Never saw the hack remake but did enjoy the original. When I was a kid, the original gave me nightmares (the German kid being sucked up in the tube of chocolate).
Father Nature's Corner
Neurotic Workaholic says
I liked the descriptions of the Oompa Loompas and Charlie's family. I also loved one of Roald Dahl's other books, Matilda. I wore out my copy when I was a kid so I bought another one when I became an adult.
I can count on one hand the number of books where I felt the movie adaptation either matched or exceeded the book. This is one of them. Seeing the conveyor belts of chocolate in the opening credits…oh my gosh, as much as I loved the book there's nothing that tops that visual!
Ken Furie says
I was very young and I have trouble differentiating what I remember from the book vs. the film. But one thing in both that changed the way I looked at the world was the Golden Ticket. Dahl helped me see that four out of five times the wrong people win for the wrong reasons, without having to work for it. But perseverance, and the qualities of hope, and heart, and goodness, can also (eventually) open those locked gates. I look for my Golden Ticket all the time….
I loved that book as a child! I would get so excited when Charlie finally got the golden ticket, even though I'd read the book several times 🙂
This is still my favourite book. I loved the square sweets that looked round.
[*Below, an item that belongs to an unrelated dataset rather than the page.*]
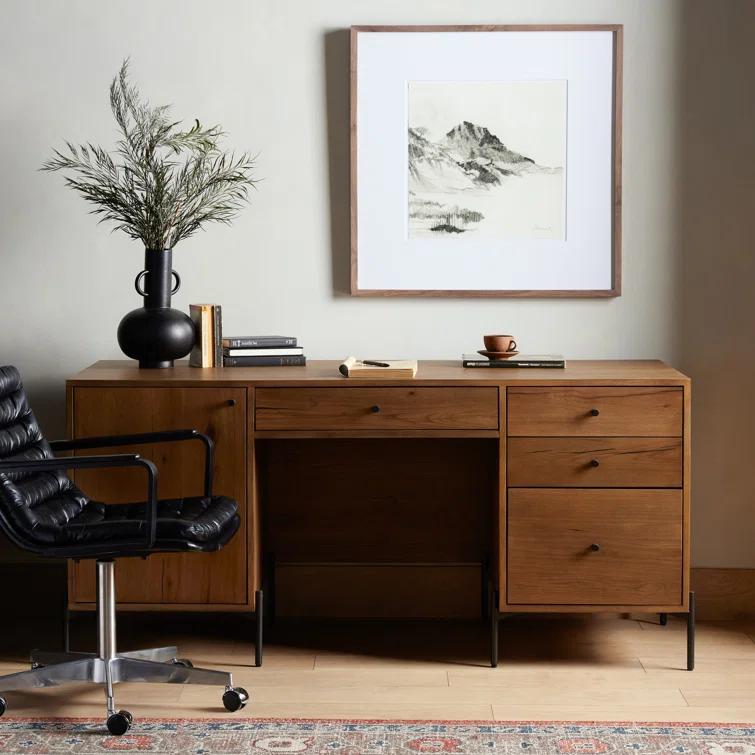 Amber Oak Resin Executive Desk with Drawer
And when I was a kid I spent ages wondering what was behind all those doors they didn't have time to go into – Roald Dahl gave them such tantalising names! As a child there was loads to imagine even when the book was finished – which to my mind is still the hallmark of a perfect children's book. (Oh, and every room should have lickable wallpaper. Genius).
Deniz Bevan says
I remember being really intrigued by all the grandparents having to sleep in one bed. And loving Charlie's voice! It's hard to remember my first impressions, unfortunately, since I've reread it so many times!
This book! The floating soda pop, the lickable wallpaper, and the fact that charlie's family ate cabbage soup exclusively…I even remember what shelf I picked it from at my school's library.